Paper Structure (24 sections, 5 equations, 4 figures, 3 tables)

This paper contains 24 sections, 5 equations, 4 figures, 3 tables.

Figures (4)

  • Figure 1: Illustration of Different Types of Supervision in Procedural Learning: Language Instructions, Intermediate Visual Observations, and Task Class. In our project, we have removed all the intermediate supervision and instead rely on captions of visual start and goal as context information.
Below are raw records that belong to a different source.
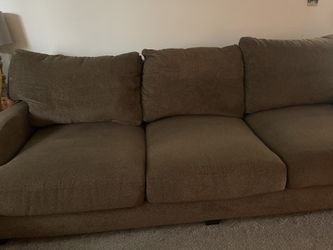 Brown couch and loveseat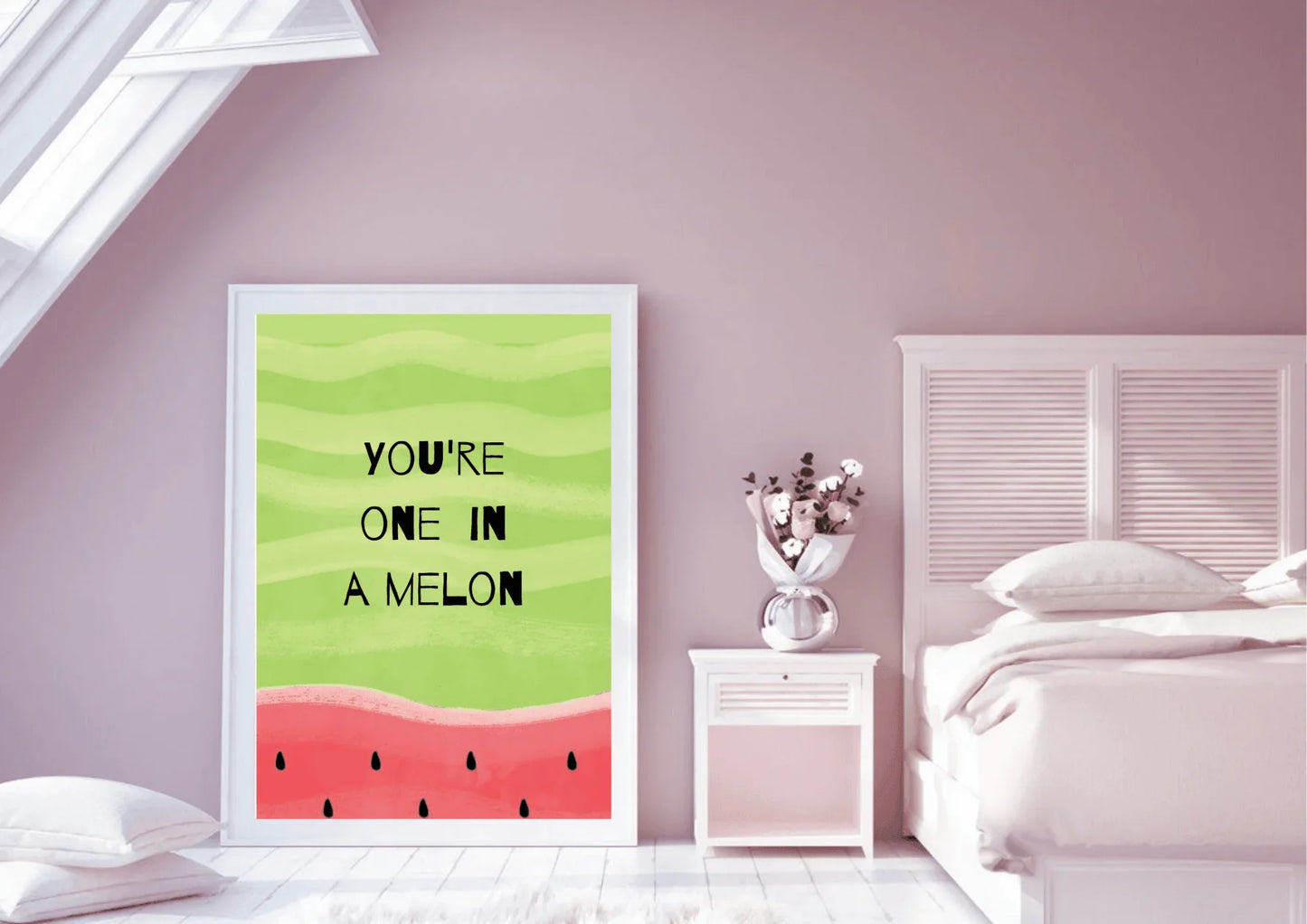A framed "YOU'RE ONE IN A MELON" watermelon print displayed in a white frame on the floor of a bedroom. The room features soft pink walls and a sloped ceiling with a window. To the right is a bed with a white headboard and pink bedding, next to a small white nightstand holding a clear vase with flowers. The room has soft lighting and a light wooden floor.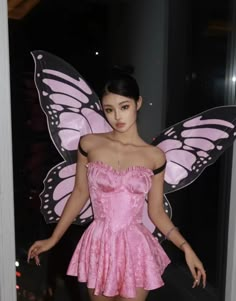 a woman in a pink dress and butterfly wings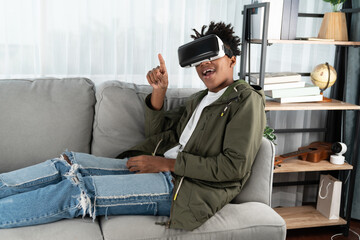 Surprised African American looking VR enjoy watching leaning back sofa by touching air in fantastic 3D cartoon movie technology virtual reality metaverse journey new world at living room. Contrivance.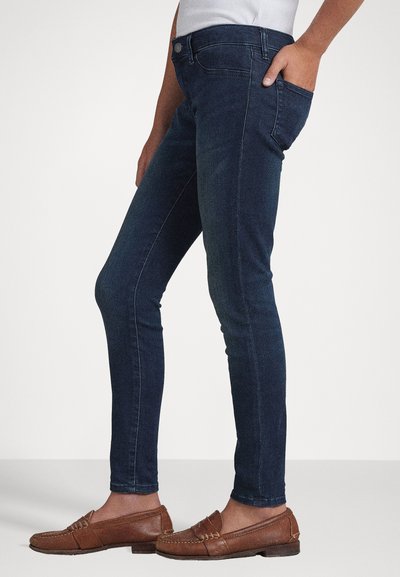 Jeans ajustados de algodón denim de color azul oscuro, con una cintura de altura media, bolsillos laterales y una textura suave. Combinados con mocasines marrones.
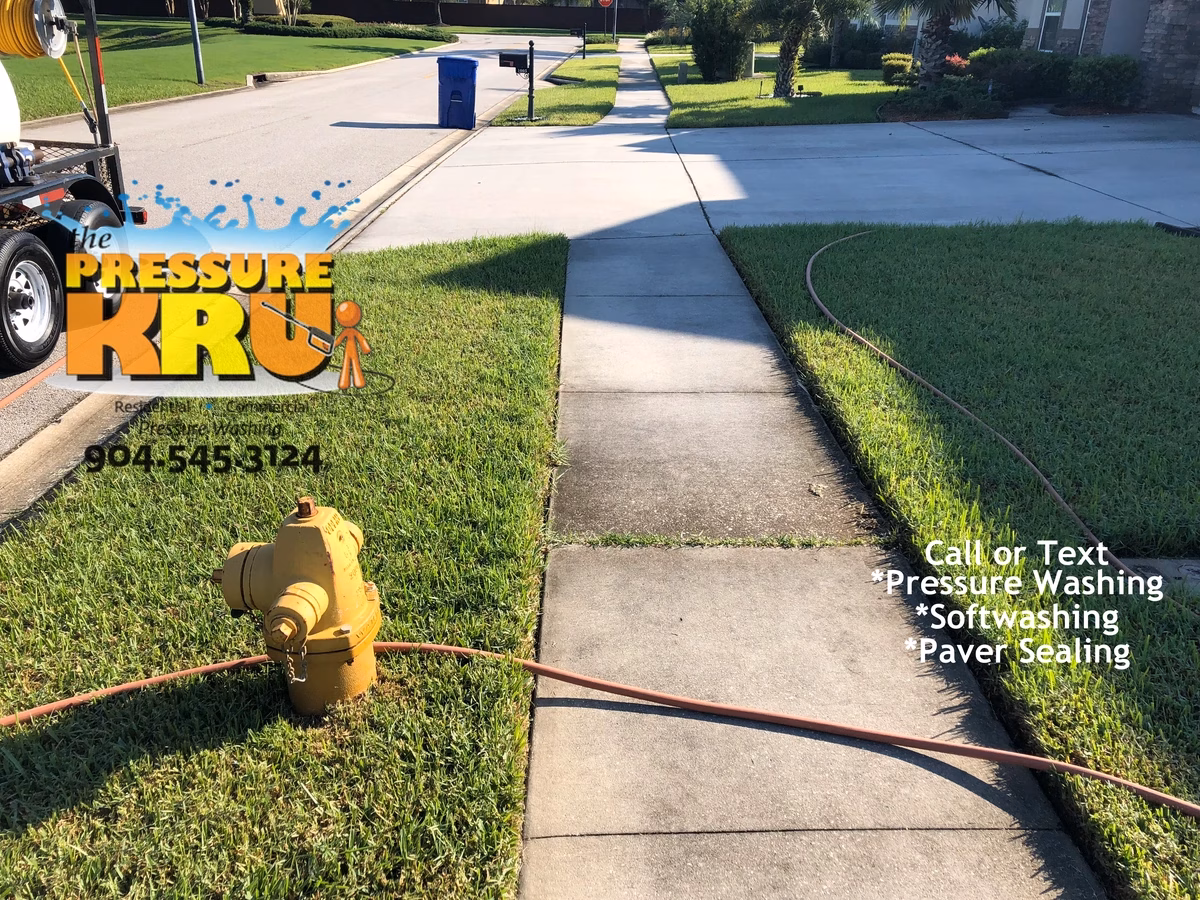 Driveway power washing in Jacksonville, FL. before mobilization.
This figure is modified from the work of wang2023pdpp.
  • Figure 2: Motivations for our approach. On the left, we observe that when provided with a task name, ChatGPT can generate a detailed plan. However, a proper prompt containing sufficient information is always required for ChatGPT to retrieve knowledge from large language models. In our project, the model is not aware of the task name, which makes the task more challenging and currently unsolved by large language models. On the right, we hypothesize that all the intermediate supervisions, such as language instructions, visual observations, and task class, serve as context information for plan generation. Based on this assumption, we propose a cost-effective approach to obtain context information by generating captions for visual start and goal observations using a pre-trained BLIP model li2022blip.
  • Figure 3: Overview of our model. Initially, visual observations of the starting and target states (represented by black nodes) are incorporated into the sequence of learned queries (represented by colored nodes). Then stochastic noise is injected into the resulting input sequence. Next, this input is fed into the transformer decoder, which interacts with the global memory to create executable procedural plans. Along with the memory, the context information transformed from the visual start and goal is injected into the transformer decoder. Subsequently, action vectors are generated, and multiple loss functions are employed, to train the model. Specifically, the context information is trained with contrastive learning loss and supervised by captions generated via BLIP li2022blip. Note that this figure is modified from zhao2022p3iv and our modifications are highlighted with red boxes.
  • Figure 4: Context augmented transformer decoder. In this architecture, the learned memory bank provides the multi-head cross-attention with K and V. In addition, the learned context feature is concatenated with the input as Q. Note that this figure is modified from zhao2022p3iv and our modification is highlighted with the red box.